FIG. 1 is a sectional view of a radiation detector. In order to shut out scintillations from other detector elements (channels), a reflector 14 (indicated by oblique lines) is interposed between scintillators 12.
FIG. 2 is an enlarged view of a portion indicated by dotted circle in FIG. 1. The thickness T1 of the reflector 14 is determined according to only the pitch of photodiodes 11. Thus, the thickness T1 of the reflector 14 is generally less than the thickness T2 of a collimator plate 8.
The focus of the X-ray tube moves because of thermal expansion of its parts which occurs during operation. In particular, the component of movement along the direction in which the detector elements are arranged (hereinafter referred to as the channel direction) is mainly due to the thermal expansion of cathode parts. The movement of the focus varies the sensitivity of the detector elements. In the following the "movement" refers to the "movement along the channel direction", unless otherwise specified.

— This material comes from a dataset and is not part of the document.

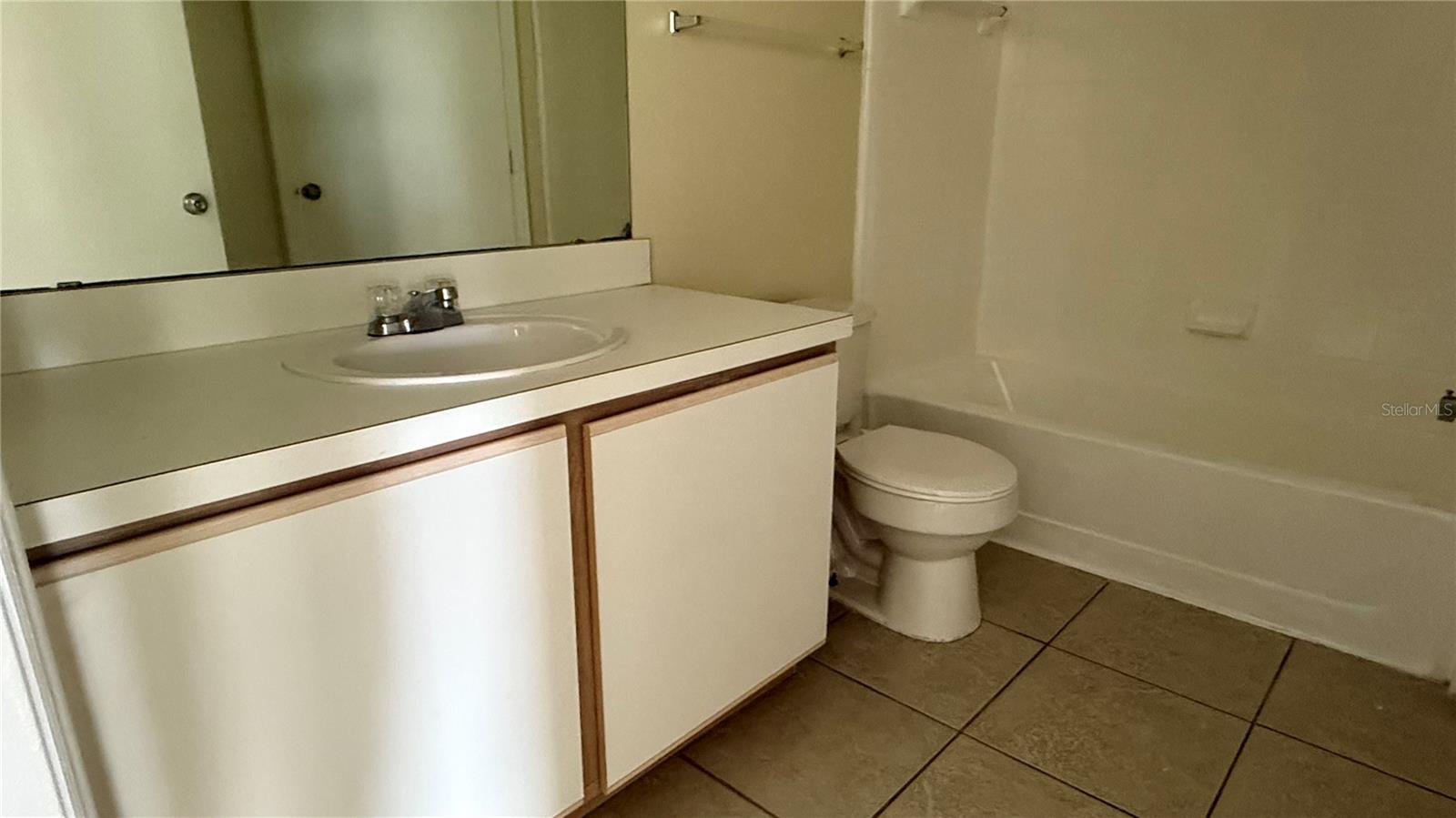 Image 38 of 56 For 2203 Key West Court 437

The reason will be described below with reference to FIG. 3. In FIG. 3, focus 1 is assumed to be the focus maintained at low temperatures, while focus 1' is assumed to be the focus when the quantity of heat stored in the anode plate and parts of the X-ray tube has reached the heat capacity, that is, when focus 1 has traveled the maximum distance. Note that the collimator plates 8 structuring the collimator are aligned with respect to the focus 1 located at low temperatures (at the time of design).

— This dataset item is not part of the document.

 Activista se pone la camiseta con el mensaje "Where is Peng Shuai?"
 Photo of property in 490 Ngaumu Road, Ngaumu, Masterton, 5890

When the focus 1 moves toward the focus 1' as the anode plate expands, the collimator plate 8 makes shade (indicated by oblique lines) on the detecting surface of the scintillator 12. The shade reaches its maximum when the focus of the X-ray tube is located to the point 1', resulting in a decrease in the original width W1 of the detecting surface of the scintillator 12 by W2. That is, the channel sensitivity decreases gradually as shown in FIG. 4 as the focus moves. The variations in channel sensitivity can be compensated for easily.
However, the variations in channel sensitivity differ from channel to channel. This is due to the fact that the focus 1 does not move on a circular arc to fit the arrangement of the collimator plates and thus the degree of growth of the shade varies from channel to channel. The difference in sensitivity between channels causes a problem that a ring-like artifact may appear in a tomography image.

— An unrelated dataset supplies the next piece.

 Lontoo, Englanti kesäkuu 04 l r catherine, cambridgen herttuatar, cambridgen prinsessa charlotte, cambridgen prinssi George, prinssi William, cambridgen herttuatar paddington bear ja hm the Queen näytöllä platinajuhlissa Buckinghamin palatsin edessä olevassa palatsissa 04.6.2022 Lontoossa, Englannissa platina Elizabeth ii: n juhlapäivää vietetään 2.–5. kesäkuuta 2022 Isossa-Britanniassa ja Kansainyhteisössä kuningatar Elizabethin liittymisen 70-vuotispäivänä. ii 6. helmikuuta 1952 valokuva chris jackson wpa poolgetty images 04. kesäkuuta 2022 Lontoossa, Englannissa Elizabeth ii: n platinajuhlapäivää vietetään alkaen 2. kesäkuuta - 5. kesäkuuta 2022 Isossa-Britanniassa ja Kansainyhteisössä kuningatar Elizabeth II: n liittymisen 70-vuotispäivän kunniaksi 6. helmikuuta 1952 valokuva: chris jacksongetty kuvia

The compensation for lack of uniformity of sensitivity among channels has been made so far. However, this compensation is limited to compensation for differences in the fluorescent characteristic of scintillators and in the photoelectric transfer characteristic of photodiodes, and no attention is paid to the differences in the degree of growth of the shade of the collimator plates among channels. The compensation for the difference in sensitivity between channels due to the difference in the degree of growth of the shade of the collimator plates between channels requires a lot of work of measuring the variation in sensitivity caused by the movement of the focus of the X-ray tube and obtaining a compensation curve for each channel. This is virtually impossible.
The conventional radiation detector also has the following problem. This arises from collimator alignment errors. That is, each of the collimator plates is not always located accurately between detector elements nor formed accurately along the direction of emission of X-rays from the X-ray tube. Depending of the severity of the alignment errors, the size of the shadow of the collimator plate on the detecting surface of the scintillator may differ from channel to channel. Thus, the alignment errors further increase the difference in sensitivity between channels.